There is a simple fix for this problem. We simply make two methods. We make a public-facing get(Key key) method as well as a private, recursive method get(Node n, Key key). The public method is written so that all it really does is call the recursive method to do the "heavy lifting". Note, in this first call to the recursive method, the node passed needs to be root.

With all that in mind, here's how we can use recursion to define get():

public Value get(Key key) {
    return get(root, key);
}
  
public Value get(Node n, Key key) {

    if (n == null) 
        return null;              // key not found
   
    int cmp = key.compareTo(n.key);
   
    if (cmp < 0) 
        return get(n.left, key);  // key < n.key
    
    else if (cmp > 0) 
        return get(n.right, key); // key > n.key
    
    else 
        return n.val;             // key == n.key  (found it!)
}

Notably, the cost of this implementation to get() is slightly higher than our previous implementation, due to the recursive overhead.

The `put()` method

Understanding how to implement the put() method recursively will make later operations (e.g., delete(Key key) easier, so let us describe that process here, and leave the iterative version of this method for an exercise.

In the put(Key key, Value val) method below, which inserts (or updates) the tree with the given key-value pair, we use the same "split-into-two-methods" tactic seen in the recursive get() method earlier.

Also similar to what we did in get(), we find the location for the insertion (or update) by comparing each node key examined to the one to be inserted/updated, and then recursing on the left or right subtree as appropriate.
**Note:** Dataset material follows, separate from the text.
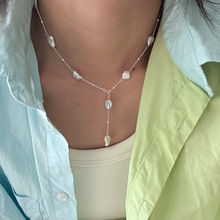 �O���Ųʮ��԰����������s925���y�M�����i�����Ȼ����0855B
The details of the base and recursive cases change slightly, however:

The smallest subtree would be an empty tree (i.e., a tree with a null root. In this base case, we want to return a tree with a single node corresponding to the given key-value pair. So, we construct a new node, filling it with our given key and value, and then return a reference to that node. Remember, every tree we have is referenced by its single top-most node -- so we can think of this as returning an entire (but tiny) tree.
For any other key, we can compare the root's key with the key to insert. There are three possibilities to consider:
- If the key to insert is smaller than the root's key, we know that whatever change must happen to put the new key-value in the tree will have to happen in the subtree rooted at the root's left child. In this case, we re-assign the root's left child to be the result of putting the given key-value pair in the left subtree. Again, remember that by "result" here, we mean the single node reference to a tree where the new key-value pair has been inserted.
- If the key to insert is larger than the root's key, the needed change must instead happen in the subtree rooted at the root's right child. So we similarly re-assign the right child to be the result of "putting" this key-value pair in this right subtree.
- As the last case to consider, If the key to insert agrees with the root's key, we must be updating this root node. This is actually another base case -- assign the given value to n.val and call it a day.

Here's the code:

public void put(Key key, Value val) {
    root = put(root, key, val);
}

private Node put(Node n, Key key, Value val) {

    if (n == null)  {                      // (base case, insert)
        Node newNode = new Node(key, val);    
        return newNode;
    }
    
    int cmp = key.compareTo(n.key);
    
    if (cmp < 0)                          // key < n.key  (recurse on left subtree)
        n.left = put(n.left, key, val);
    
    else if (cmp > 0)                     // key > n.key  (recurse on right subtree)
        n.right = put(n.right, key, val);
    
    else                                  // key == n.key (base case, overwrite)
        n.val = val;
    
    return n;   
}

Navigating the path to the insertion point requires a number of comparisons equal to one more than the level of the key-value pair after it has been inserted, with the worst-case again being a number of comparisons one more than the height of the tree. Thus, insertion into a binary search tree is also fast, with comparison cost $\sim \log_2 n$ for a perfectly balanced tree of $n$ nodes.